> _TASK GOAL_
Copy out each entry precisely; no image belongs in the result.

━━━━━━━━━━━━━━━━━━━━━━━━━━━━━━

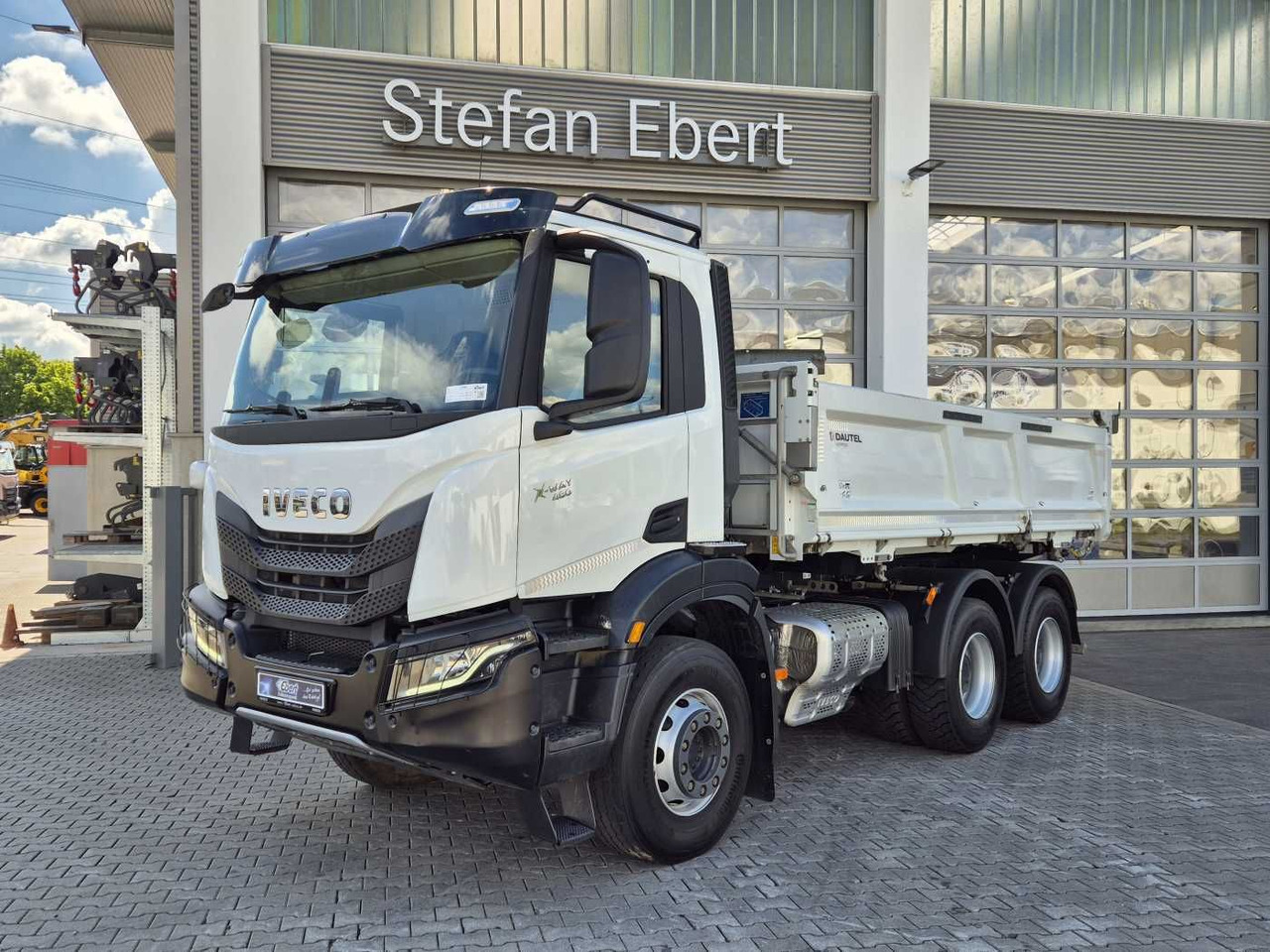 Iveco X-Way AD300X48Z HR 6x4 Intarder Bordmatic Kamera - Самоскид вантажівка: фото 2 Iveco X-Way AD300X48Z HR 6x4 Intarder Bordmatic Kamera - Самоскид вантажівка: фото 2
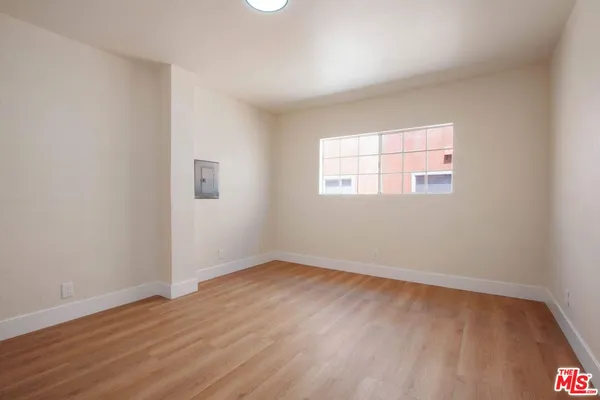 $2,295,000 | 6339 10th Avenue, Los Angeles, CA 90043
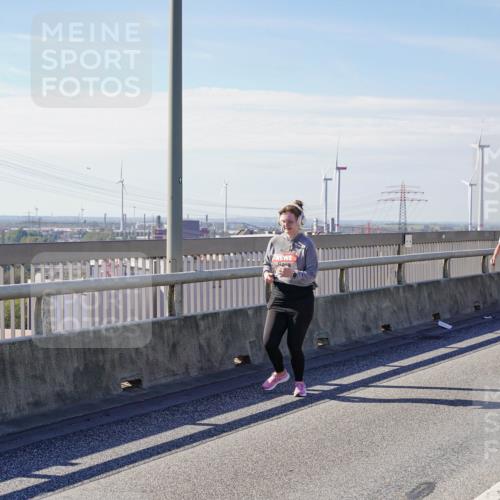 03.10.2025 - Köhlbrandbrückenlauf Michael Burmester http://msf.ph/oto/9125996 03.10.2025 13:10:44 Position 2  meine-sportfotos.de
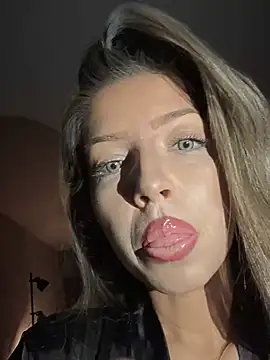 SonyaD  online show from March 18, 3:20 am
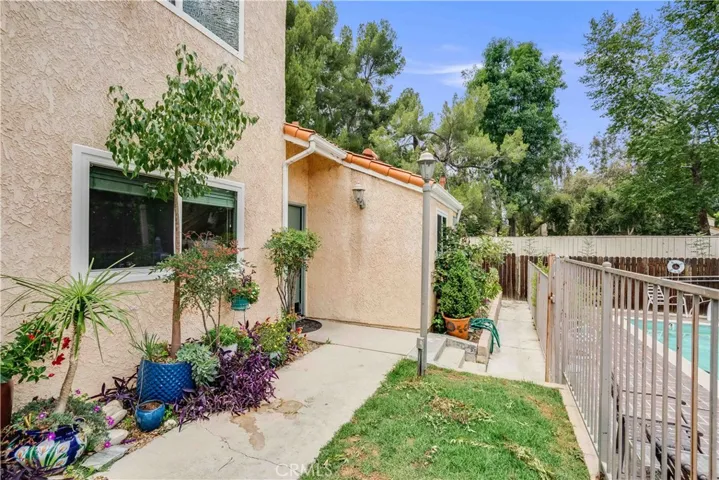6300 Shoup Avenue 2, Woodland Hills, California 91367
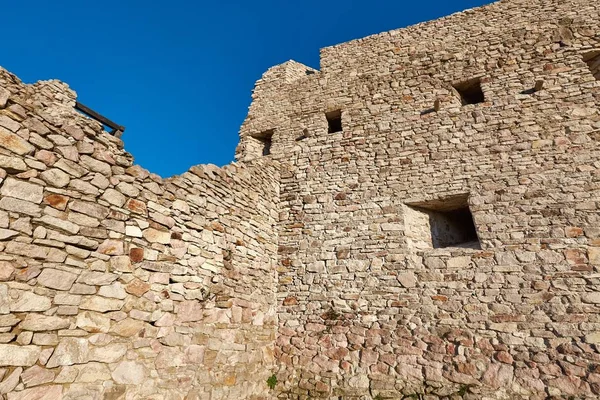 Antigua muralla del castillo — Foto de Stock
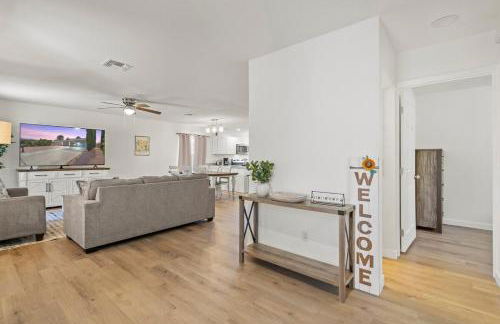 l NEW l Fully Remodeled 3BR 2BTH l 1 Min to Veterans Memorial Park - Foto 25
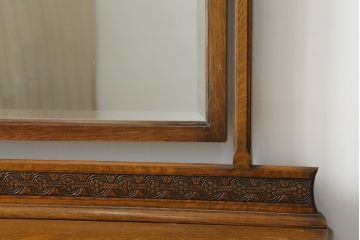 イギリスアンティーク　オーク材　美しい木肌とさりげないデザインが魅力的なドレッシングチェスト(ドレッサー、鏡台、ミラー、英国)(R-075845)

━━━━━━━━━━━━━━━━━━━━━━━━━━━━━━

> _SOLUTION TO THE EXERCISE_
 Iveco X-Way AD300X48Z HR 6x4 Intarder Bordmatic Kamera - Самоскид вантажівка: фото 2 Iveco X-Way AD300X48Z HR 6x4 Intarder Bordmatic Kamera - Самоскид вантажівка: фото 2
 $2,295,000 | 6339 10th Avenue, Los Angeles, CA 90043
 03.10.2025 - Köhlbrandbrückenlauf Michael Burmester http://msf.ph/oto/9125996 03.10.2025 13:10:44 Position 2  meine-sportfotos.de
 SonyaD  online show from March 18, 3:20 am
6300 Shoup Avenue 2, Woodland Hills, California 91367
 Antigua muralla del castillo — Foto de Stock
 l NEW l Fully Remodeled 3BR 2BTH l 1 Min to Veterans Memorial Park - Foto 25
 イギリスアンティーク　オーク材　美しい木肌とさりげないデザインが魅力的なドレッシングチェスト(ドレッサー、鏡台、ミラー、英国)(R-075845)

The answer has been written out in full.